Problem:
Everything from the line containing "РЫБА СОМ В АКВАРИУМЕ !!" through the final line of the entries, both included, should be copied exactly and with nothing else; please skip pictures.

Input data:
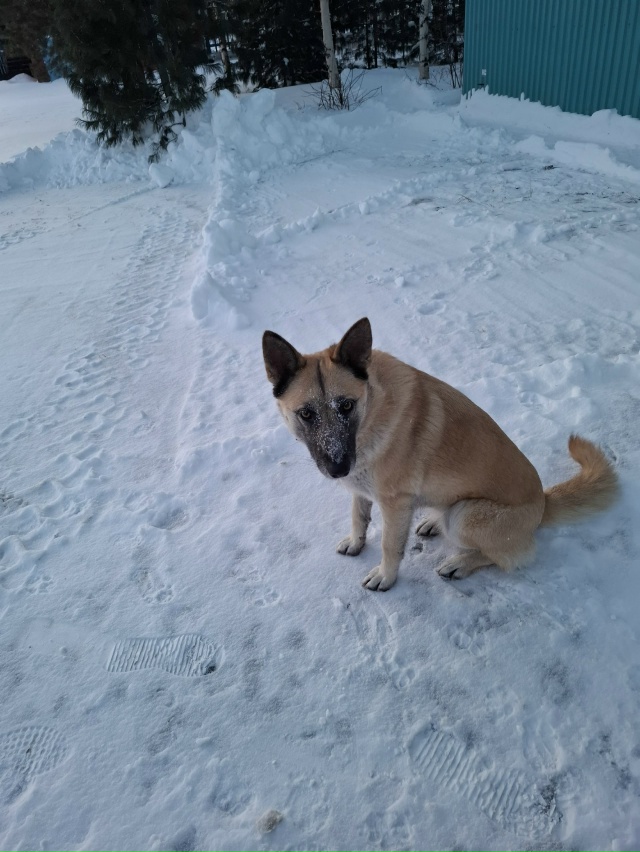 Добрый день! Может кто потерял собачку, бегает уже втор...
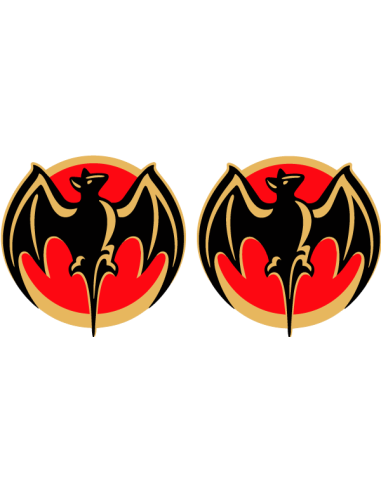 Promo Lot 2 Bacardi plastifiés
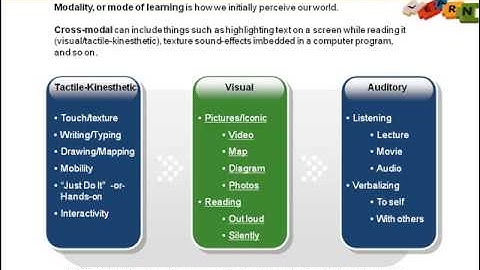 Christa McAuliffe Academy Learning Styles Overview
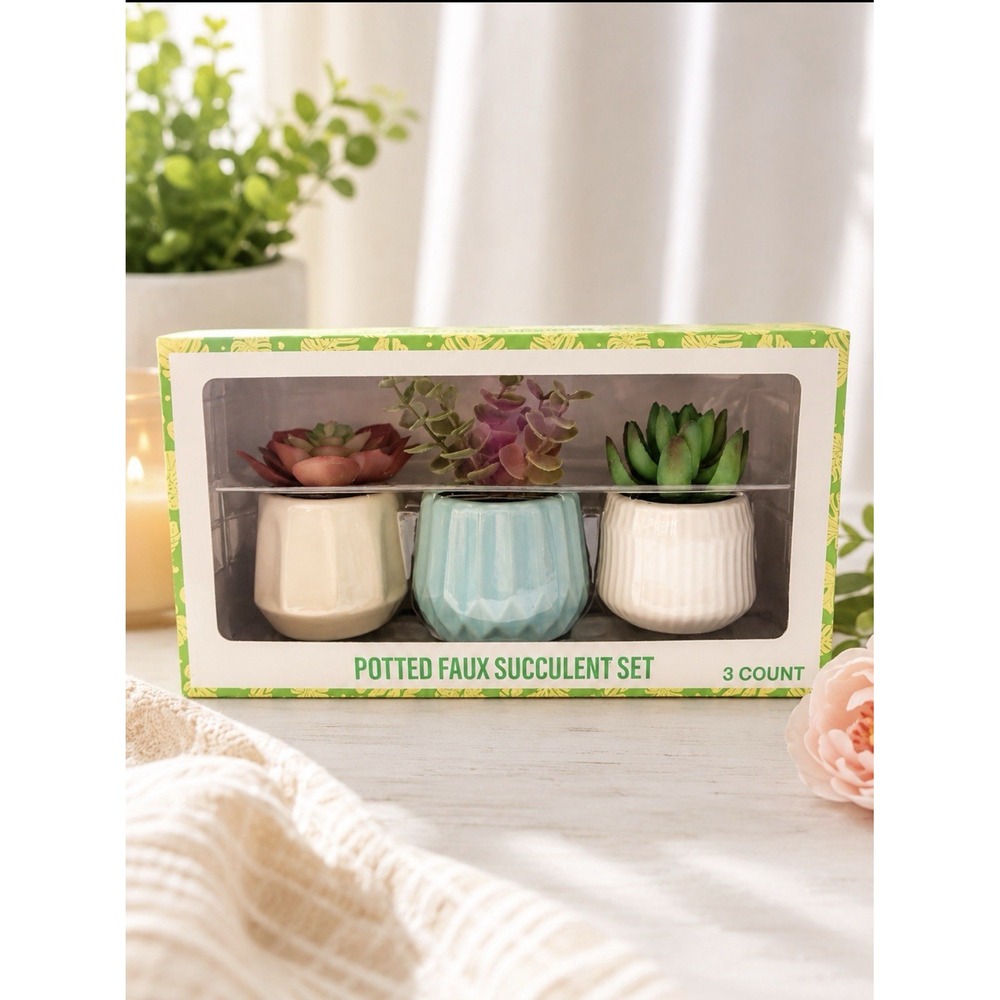 Festive Voice 3 Piece Potted Faux Succulents Set Artificial Plants Home Decor
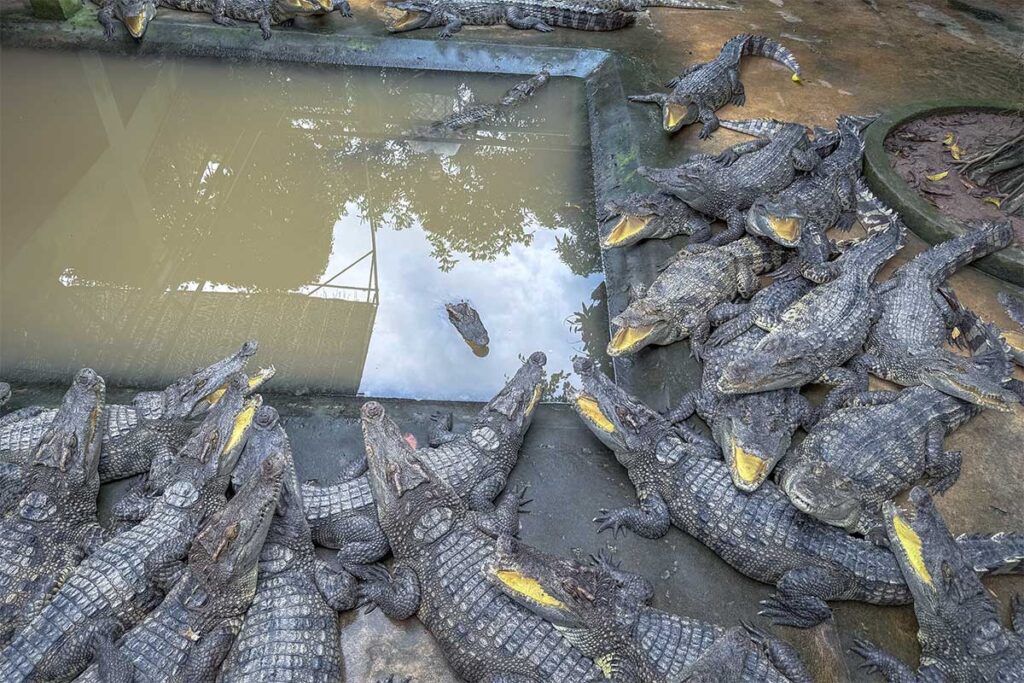 Crocodile enclosure on Unicorn Island (Thoi Son) in the Mekong Delta, a tourist stop that not all visitors find ethical.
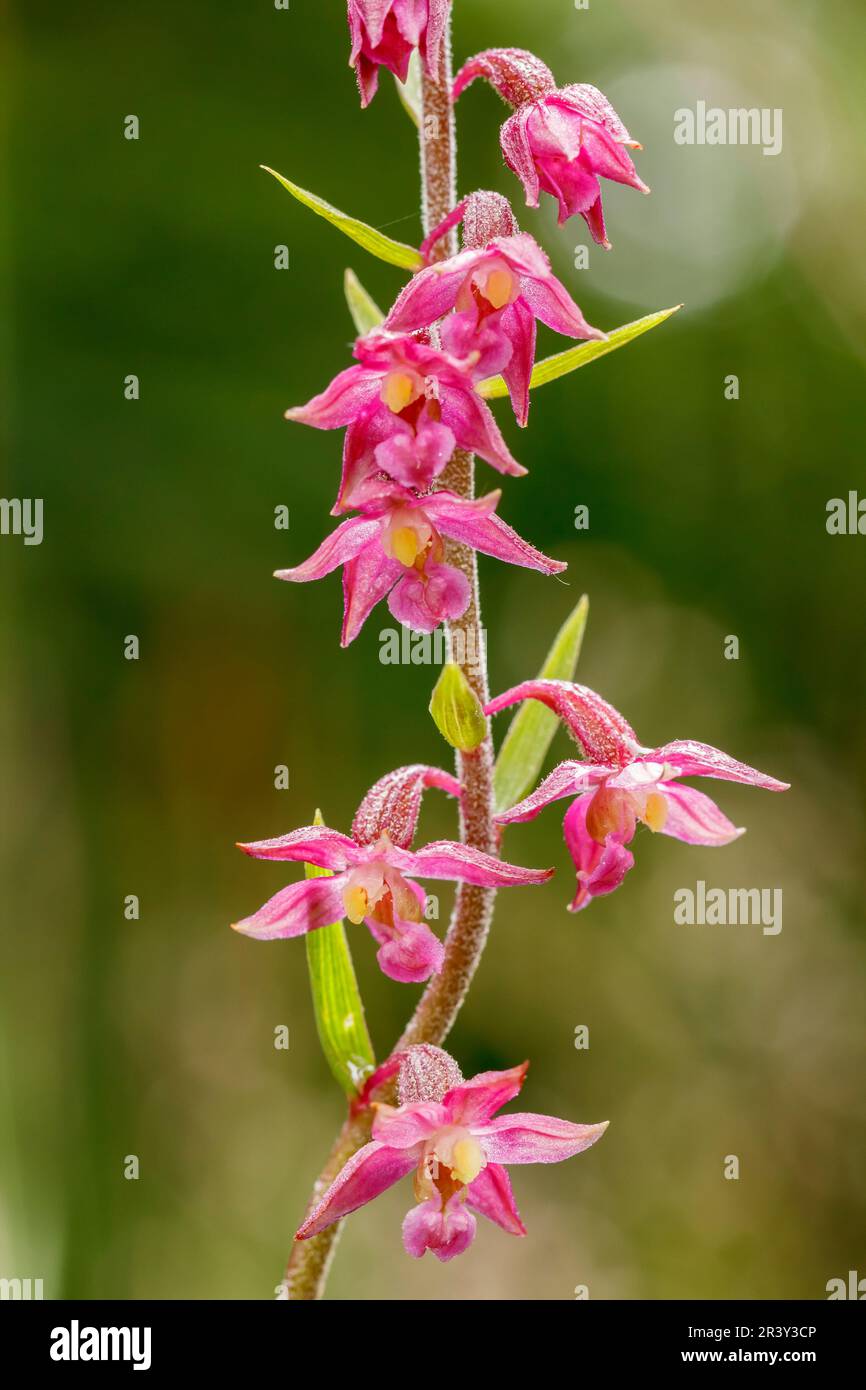 Epipactis atrorubens, bekannt als dunkelrote Helleborine, Royal Helleborine Stockfoto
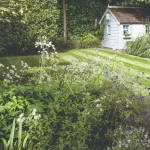Shady Garden Corners – Grow Plants Suited for Shade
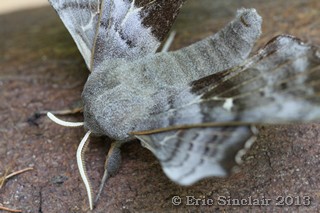 Poplar Hawk Moth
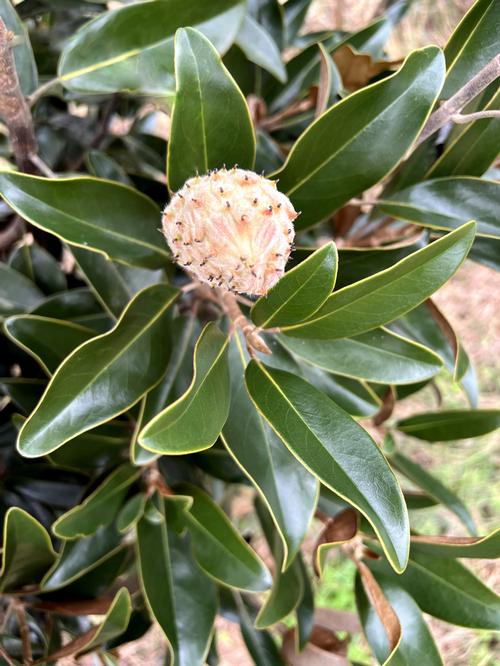 Magnolia grandiflora 'Alta' - Alta Magnolia from Taylor's Nursery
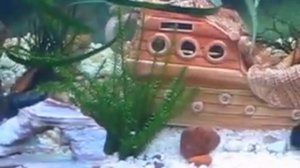 РЫБА СОМ В АКВАРИУМЕ !!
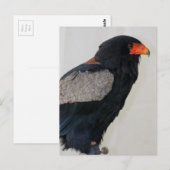 Bateleur Eagle Briefkaart (Voorkant / Achterkant)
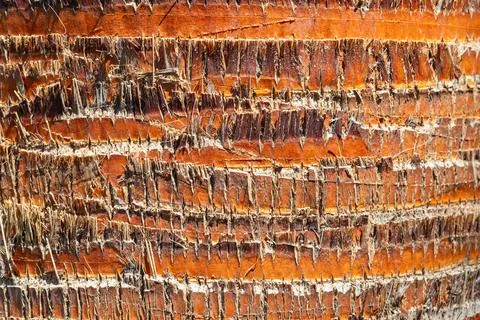 Palm tree bark texture displaying natural rough surface pattern Stock Photos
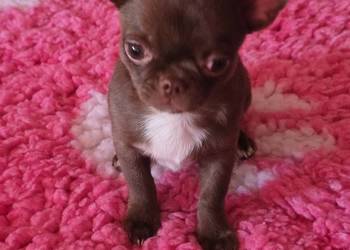 Chihuahua Czekoladowy  Dexter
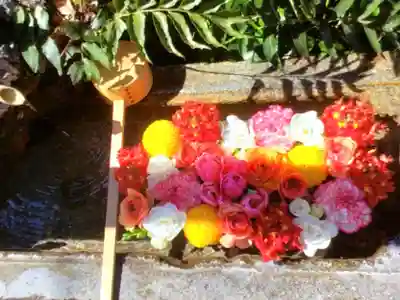 本郷氷川神社(東京都)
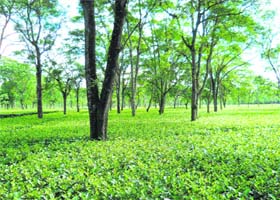 A file photo of a tea garden in Palampur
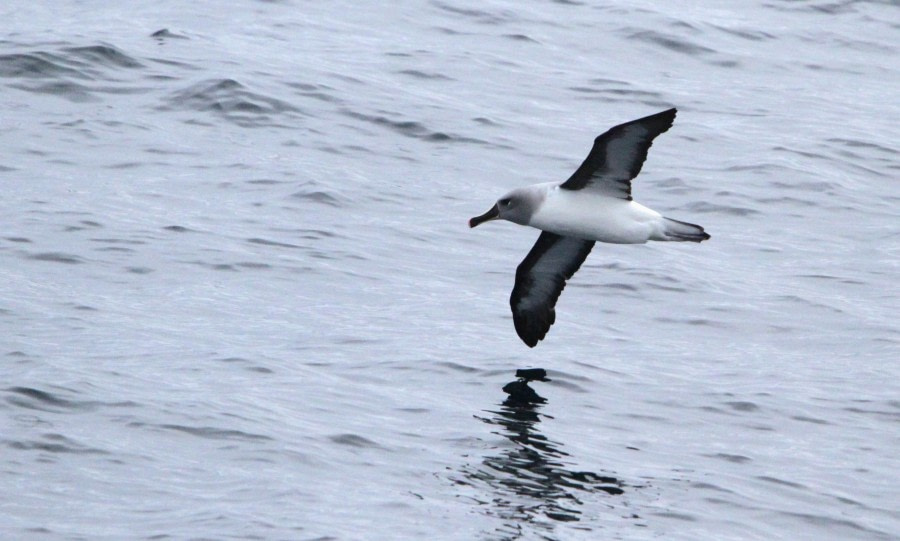 Second day at the Drake Passage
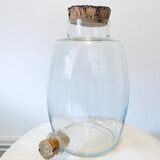 Terrarium verre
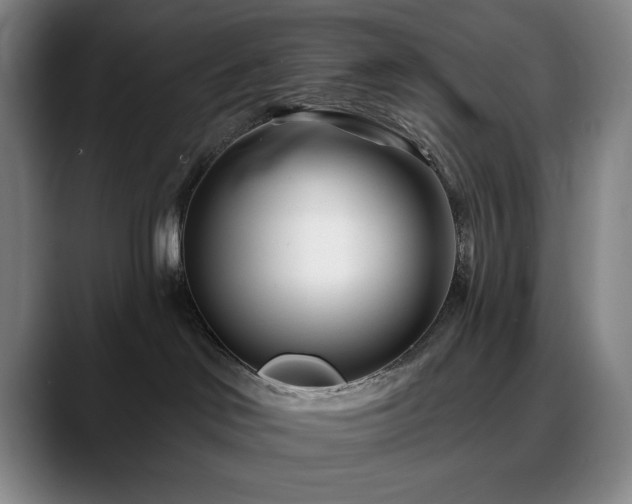 X0000090610046200707171425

Solution for this task:
 РЫБА СОМ В АКВАРИУМЕ !!
 Bateleur Eagle Briefkaart (Voorkant / Achterkant)
 Palm tree bark texture displaying natural rough surface pattern Stock Photos
 Chihuahua Czekoladowy  Dexter
 本郷氷川神社(東京都)
 A file photo of a tea garden in Palampur
 Second day at the Drake Passage
 Terrarium verre
 X0000090610046200707171425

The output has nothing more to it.